Emotions change over time because we can feel angry, sad, or afraid at different times. Emotions are important for our survival, so it is alright to experience them. It is not okay to stay in our emotions (e.g., anger) for long periods, that can deplete our energy and lead to emotional breakdowns.
Emotions can be difficult to manage because they often come from both logical and intuitive brain processes. It is essential to know when the intuitive or the logical brain processes trigger our emotions.
Another area of the brain that plays a role in decision-making. Logic helps us make decisions that are based on facts and figures rather than emotions and values. These two types of thinking, logic, and intuition, can sometimes conflict with each other.
The conflict can lead to choices that may not be consistent with our values or have good outcomes for us.
The purpose of emotional regulation is to manage emotions to lead to positive outcomes; for example, we may regulate our anger to not lead to outbursts.
Much of the research on emotion regulation has focused on adults.

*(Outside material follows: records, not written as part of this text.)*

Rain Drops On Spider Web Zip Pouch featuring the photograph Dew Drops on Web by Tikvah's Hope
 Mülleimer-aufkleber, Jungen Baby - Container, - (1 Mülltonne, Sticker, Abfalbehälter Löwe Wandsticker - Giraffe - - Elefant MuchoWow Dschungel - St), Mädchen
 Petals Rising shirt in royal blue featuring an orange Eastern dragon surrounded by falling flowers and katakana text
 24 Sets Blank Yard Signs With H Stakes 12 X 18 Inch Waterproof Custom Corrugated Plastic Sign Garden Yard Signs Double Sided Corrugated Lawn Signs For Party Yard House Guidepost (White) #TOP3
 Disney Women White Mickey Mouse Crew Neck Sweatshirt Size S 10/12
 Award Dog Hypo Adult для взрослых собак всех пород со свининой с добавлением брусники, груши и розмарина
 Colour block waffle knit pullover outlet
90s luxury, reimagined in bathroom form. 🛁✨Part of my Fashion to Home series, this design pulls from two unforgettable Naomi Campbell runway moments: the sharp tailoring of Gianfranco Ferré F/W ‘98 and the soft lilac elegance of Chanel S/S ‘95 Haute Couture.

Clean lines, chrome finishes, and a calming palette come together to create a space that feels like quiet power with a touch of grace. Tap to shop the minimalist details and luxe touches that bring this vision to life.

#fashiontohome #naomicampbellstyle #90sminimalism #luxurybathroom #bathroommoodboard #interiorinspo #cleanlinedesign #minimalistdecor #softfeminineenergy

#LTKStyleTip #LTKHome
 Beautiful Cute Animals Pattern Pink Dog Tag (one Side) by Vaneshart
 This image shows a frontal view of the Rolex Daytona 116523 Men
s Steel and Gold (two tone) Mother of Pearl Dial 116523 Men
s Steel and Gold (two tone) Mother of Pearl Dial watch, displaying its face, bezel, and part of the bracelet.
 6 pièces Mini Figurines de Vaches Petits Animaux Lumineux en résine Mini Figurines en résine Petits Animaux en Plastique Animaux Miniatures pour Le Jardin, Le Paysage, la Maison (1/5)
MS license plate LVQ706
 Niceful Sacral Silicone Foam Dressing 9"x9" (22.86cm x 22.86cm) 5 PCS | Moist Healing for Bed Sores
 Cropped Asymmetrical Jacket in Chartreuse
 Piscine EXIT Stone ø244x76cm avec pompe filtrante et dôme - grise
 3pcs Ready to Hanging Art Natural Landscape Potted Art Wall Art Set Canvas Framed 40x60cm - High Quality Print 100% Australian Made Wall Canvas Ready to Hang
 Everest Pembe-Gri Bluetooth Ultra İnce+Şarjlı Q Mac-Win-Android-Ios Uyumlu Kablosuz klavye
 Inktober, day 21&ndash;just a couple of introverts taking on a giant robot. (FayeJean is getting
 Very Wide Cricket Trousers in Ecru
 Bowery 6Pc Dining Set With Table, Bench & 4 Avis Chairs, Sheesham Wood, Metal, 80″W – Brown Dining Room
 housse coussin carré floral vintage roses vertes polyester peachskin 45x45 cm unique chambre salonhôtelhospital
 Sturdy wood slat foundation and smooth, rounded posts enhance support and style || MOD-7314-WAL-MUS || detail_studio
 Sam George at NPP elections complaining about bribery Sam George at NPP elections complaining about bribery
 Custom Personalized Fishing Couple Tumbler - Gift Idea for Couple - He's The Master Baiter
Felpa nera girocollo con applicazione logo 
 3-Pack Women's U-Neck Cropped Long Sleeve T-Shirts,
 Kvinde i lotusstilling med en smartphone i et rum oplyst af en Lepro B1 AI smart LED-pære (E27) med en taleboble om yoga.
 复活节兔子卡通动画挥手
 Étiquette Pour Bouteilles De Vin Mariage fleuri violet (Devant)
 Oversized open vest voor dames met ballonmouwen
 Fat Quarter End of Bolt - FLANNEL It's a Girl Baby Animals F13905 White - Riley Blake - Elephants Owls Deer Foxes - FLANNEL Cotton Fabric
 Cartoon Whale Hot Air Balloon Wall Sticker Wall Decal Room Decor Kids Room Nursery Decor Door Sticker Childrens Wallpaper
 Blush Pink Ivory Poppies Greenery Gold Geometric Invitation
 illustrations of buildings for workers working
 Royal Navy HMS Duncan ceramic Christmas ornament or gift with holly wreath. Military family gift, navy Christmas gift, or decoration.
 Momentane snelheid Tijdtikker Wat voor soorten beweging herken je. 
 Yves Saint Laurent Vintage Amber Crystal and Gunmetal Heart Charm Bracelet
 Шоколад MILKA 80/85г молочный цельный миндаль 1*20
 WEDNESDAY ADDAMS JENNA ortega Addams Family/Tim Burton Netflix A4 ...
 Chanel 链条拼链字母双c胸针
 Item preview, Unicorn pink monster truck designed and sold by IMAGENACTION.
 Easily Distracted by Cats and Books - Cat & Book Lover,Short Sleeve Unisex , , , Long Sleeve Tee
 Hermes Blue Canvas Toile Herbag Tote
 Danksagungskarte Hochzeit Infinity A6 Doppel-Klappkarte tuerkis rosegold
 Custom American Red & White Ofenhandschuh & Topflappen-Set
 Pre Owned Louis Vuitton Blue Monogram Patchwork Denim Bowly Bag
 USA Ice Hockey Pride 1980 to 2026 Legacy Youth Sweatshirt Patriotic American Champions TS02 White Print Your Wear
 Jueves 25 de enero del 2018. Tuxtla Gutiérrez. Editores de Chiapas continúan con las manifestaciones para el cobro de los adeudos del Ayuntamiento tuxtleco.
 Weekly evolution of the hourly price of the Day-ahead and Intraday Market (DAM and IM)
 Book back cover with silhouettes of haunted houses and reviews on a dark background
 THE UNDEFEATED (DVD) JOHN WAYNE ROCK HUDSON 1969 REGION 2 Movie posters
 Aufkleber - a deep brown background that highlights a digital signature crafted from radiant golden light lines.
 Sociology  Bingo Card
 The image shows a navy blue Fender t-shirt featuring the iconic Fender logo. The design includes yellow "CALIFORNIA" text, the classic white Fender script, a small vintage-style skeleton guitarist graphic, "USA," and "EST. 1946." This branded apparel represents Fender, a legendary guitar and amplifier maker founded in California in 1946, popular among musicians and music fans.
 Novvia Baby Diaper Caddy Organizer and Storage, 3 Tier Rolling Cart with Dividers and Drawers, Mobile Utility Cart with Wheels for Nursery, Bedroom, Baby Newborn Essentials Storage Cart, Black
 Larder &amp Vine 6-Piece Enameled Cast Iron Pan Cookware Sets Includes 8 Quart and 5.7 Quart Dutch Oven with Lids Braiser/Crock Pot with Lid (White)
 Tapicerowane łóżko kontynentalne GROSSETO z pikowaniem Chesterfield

Researchers are also studying how children develop different types of emotion regulation skills over time.
Parents, teachers, and other caregivers are likely to be the first people a child will learn to regulate his or her emotions. As a parent or caregiver, you want to help children learn how to regulate their emotions effectively to reach their potential and have positive relationships with others.
Learning Brain vs. Survival Brain – Different Types of Emotion Regulation.
The simplest way to regulate emotions is to remove oneself from the situation that caused the emotion. For example, you are in a chemistry class that turns out to be very difficult. You decide to withdraw from the course and take another class. This is called behavioral disengagement because it involves disengaging from a situation that triggers certain emotions.
People also use cognitive strategies—ways of thinking—to regulate their own emotions
Some people use positive thoughts about themselves, such as “I am smart. I will do well on this test.” Other people who use negative thoughts, such as “I’ll fail this test.” Cognitive strategies are things we do to manage or modify our behavior. Cognitive strategies can be use to regulate emotions rather than to express them.
Reactions and feelings play a role in some of the ways we regulate our emotions.
To regulate the emotions, people often use many strategies at the same time. Emotions shape our lives and add color and meaning to everything we do. We need to have our emotions to survive, and to thrive.
Learning brain vs. survival brain wrap up
In recent research has helped scientists understand how people regulate their own emotions. Re-read this article on the Learning Brain vs. the Survival Brain for extra insight into our wonderful brain.